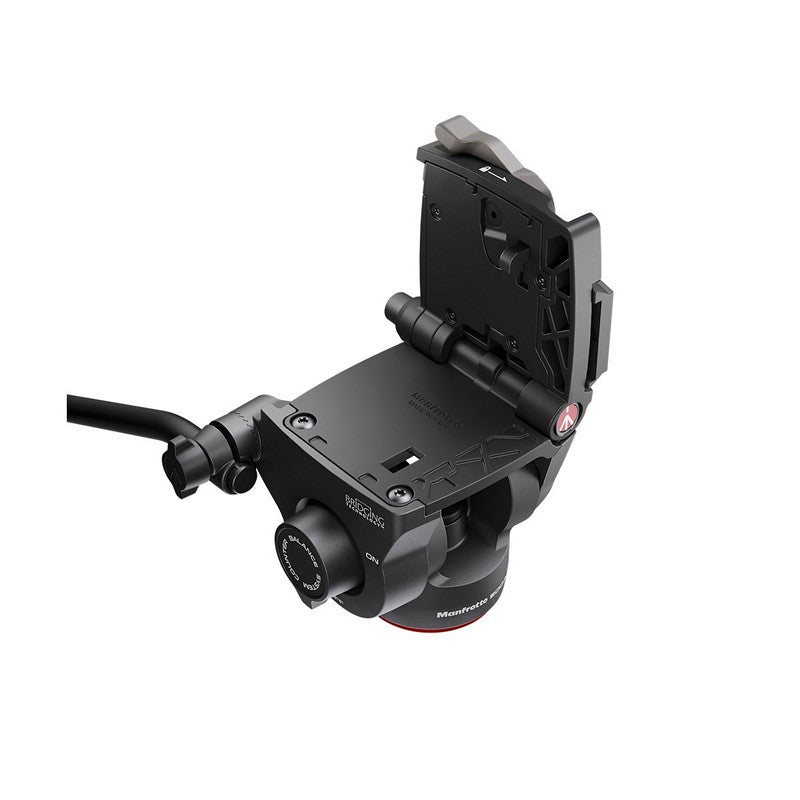 Manfrotto ONE MVH500XAH VIDEO Fluid glava X-CHANGE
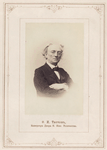 F.I. Tiutchev, Kamerger Dvora E. Imp. Velichestva.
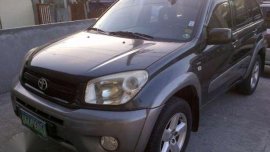 Toyota Rav4 2005 4WD AT GOOD AS NEW crv.xtrail.innova.tucson.2004.2003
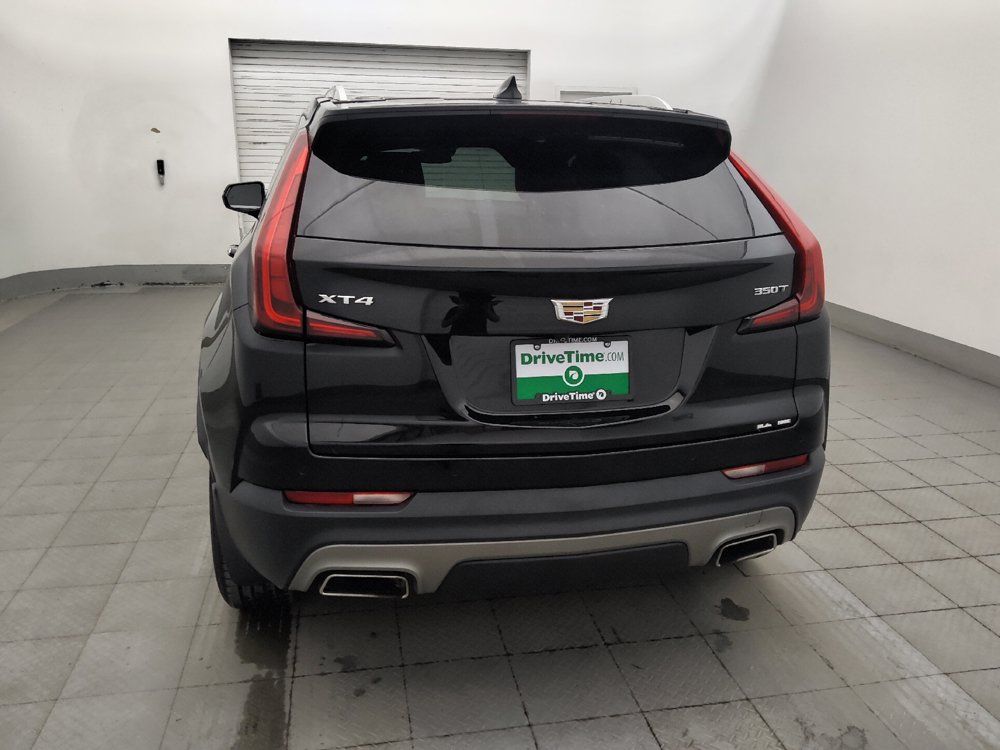Used 2023 Cadillac XT4 Premium Luxury w/ Technology Package FWD image 6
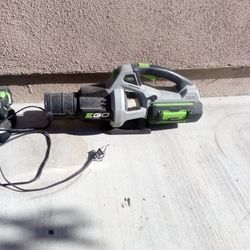 EGO POWER+ 56-volt 530-CFM 110-MPH Battery Handheld Leaf Blower 2.5 Ah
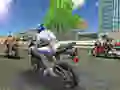 Гаме Moto trkač 3D онлајн Гаме Moto trkač 3D онлајн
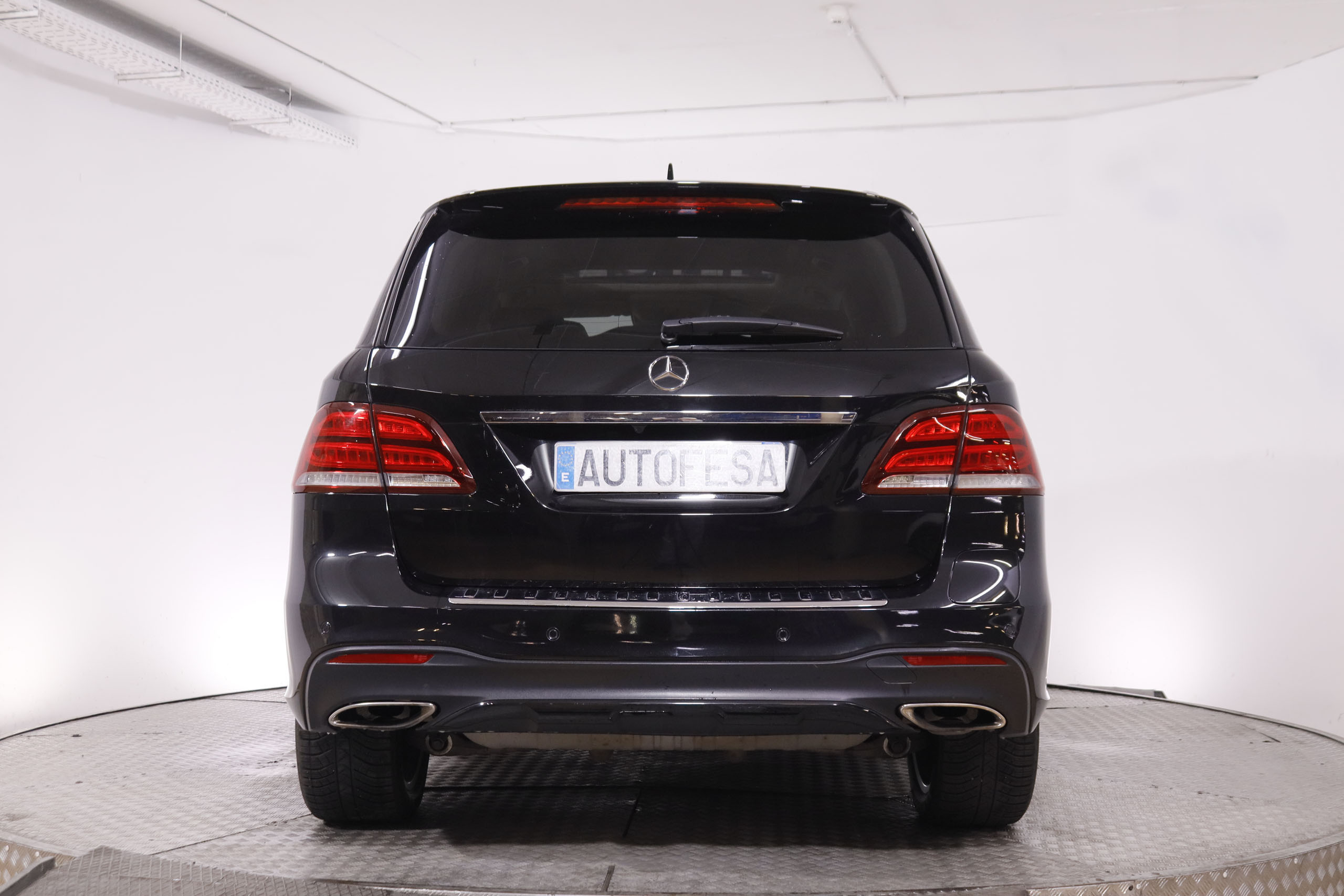 Mercedes-Benz GLE Clase GLE 500e Hibrido Enchufable AMG Line 4 Matic - foto 6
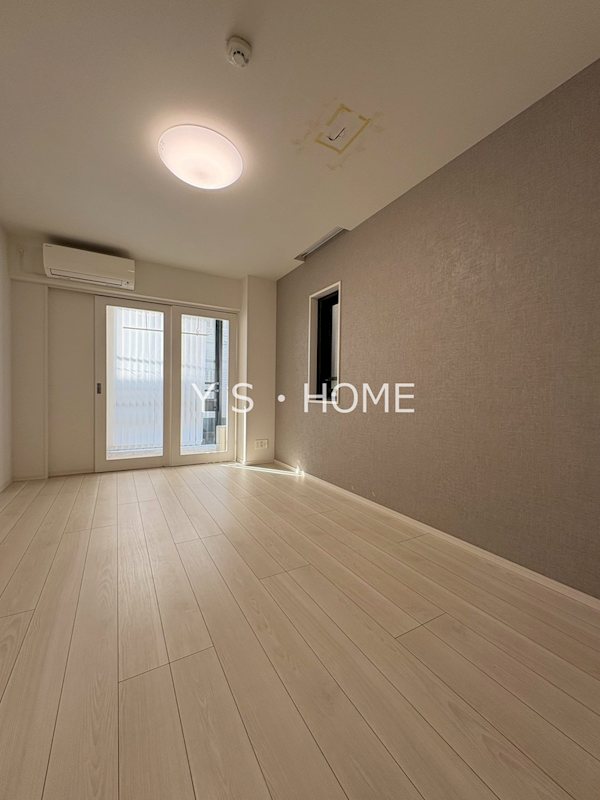 シティーコート府中 リビング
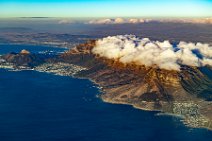 GEO ART - CAPETOWN AND COVERED TABLE MOUNTAIN - SOUTH AFRICA 01 GEO ART - CAPETOWN AND COVERED TABLE MOUNTAIN - SOUTH AFRICA 01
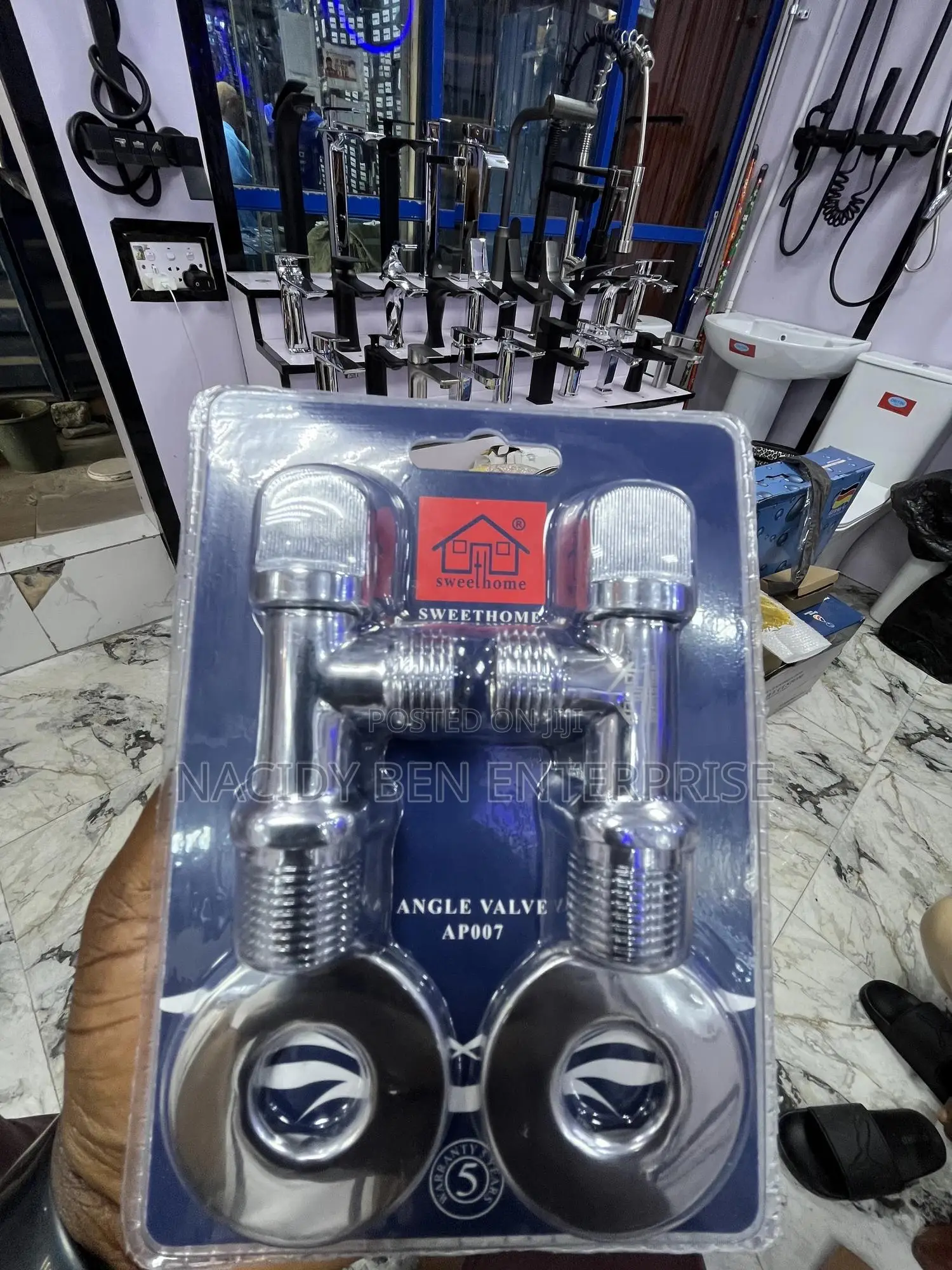 Sweethome Angel Valve Each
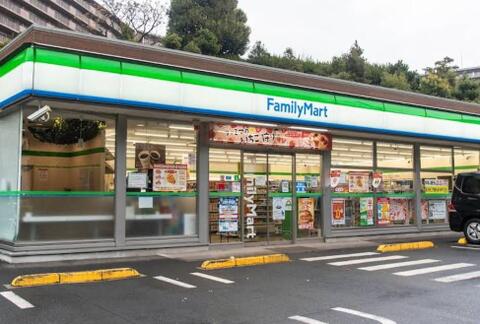 ファミリーマート町田南大谷店まで約770m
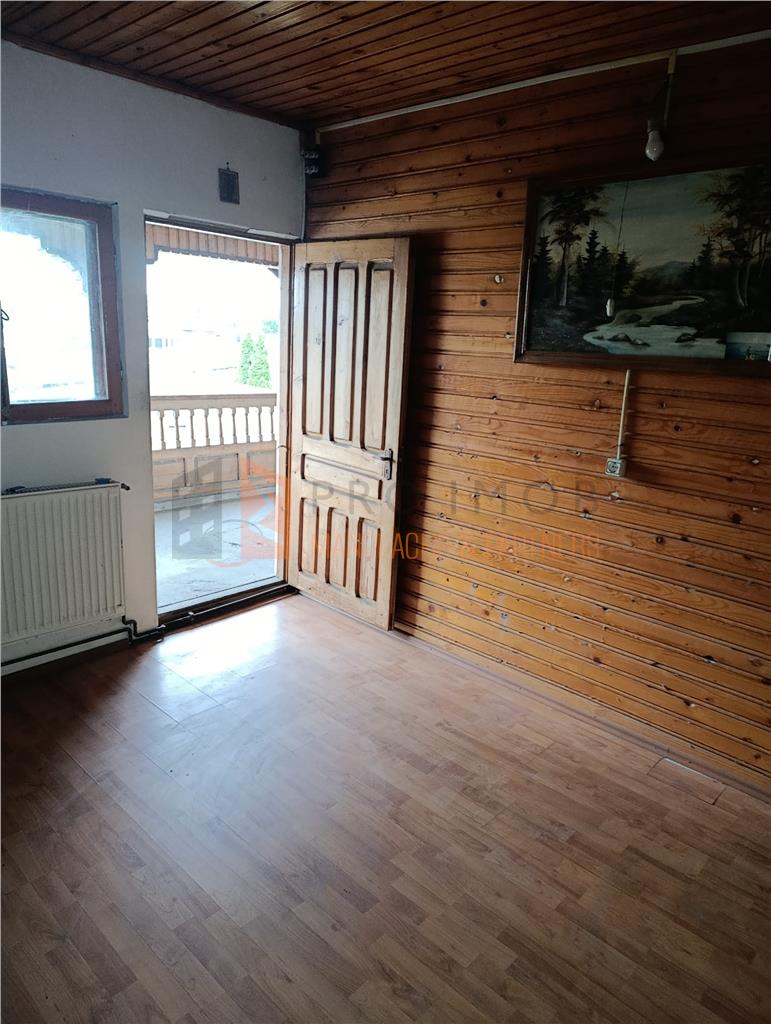 Casa tip P+M zona Spataru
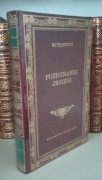 Pożegnanie jesieni Stanisław Witkiewicz wydawn. dolnośląskie NOWA W FOLII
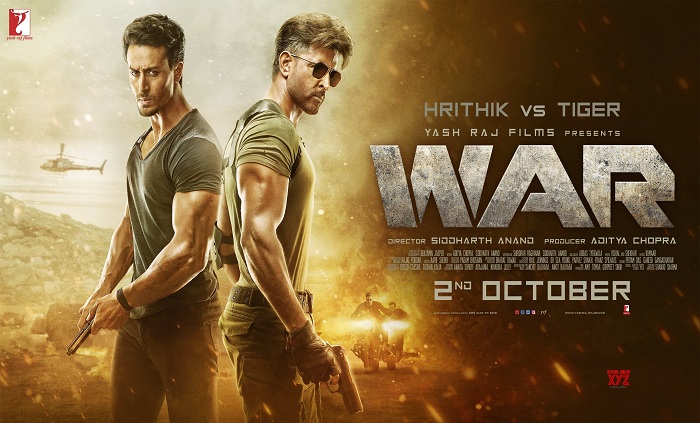 War Box Office Release Date Wiki in Hindi
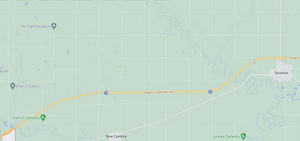 Saline County Road Maintenance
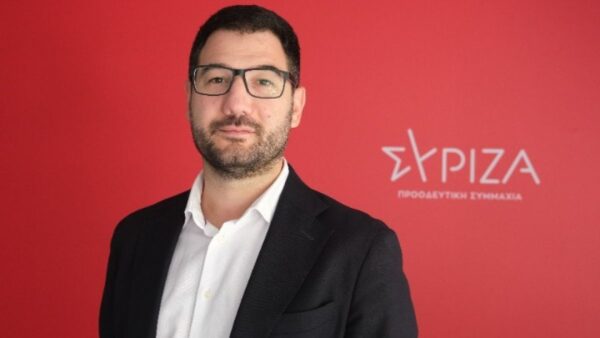 Ν. Ηλιόπουλος: «Το κόμμα μου, οι σύντροφοι μου, οι αγώνες μας δεν είναι βούρκος. Είναι η ζωή μου»
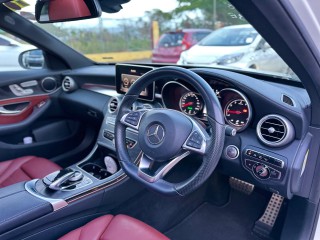 2015 Mercedes Benz C200 AMG for sale in Kingston / St. Andrew, Jamaica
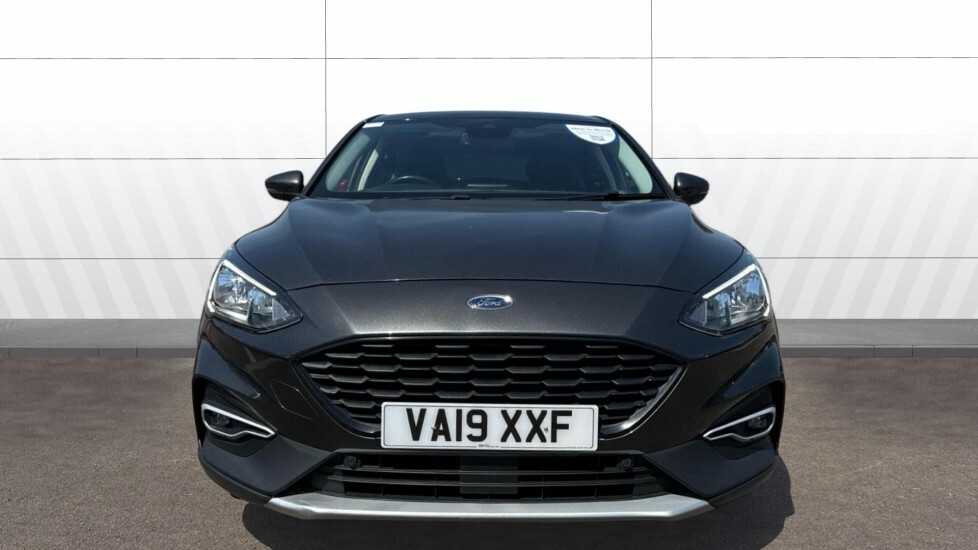 Ford Focus Active X Grey #3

_Problem requirements:_
Only the lines from the one containing "Saline County Road Maintenance" through the last line of the data above, both included, belong in the reply, each restated exactly and without pictures.

_Response area:_
 Saline County Road Maintenance
 Ν. Ηλιόπουλος: «Το κόμμα μου, οι σύντροφοι μου, οι αγώνες μας δεν είναι βούρκος. Είναι η ζωή μου»
 2015 Mercedes Benz C200 AMG for sale in Kingston / St. Andrew, Jamaica
 Ford Focus Active X Grey #3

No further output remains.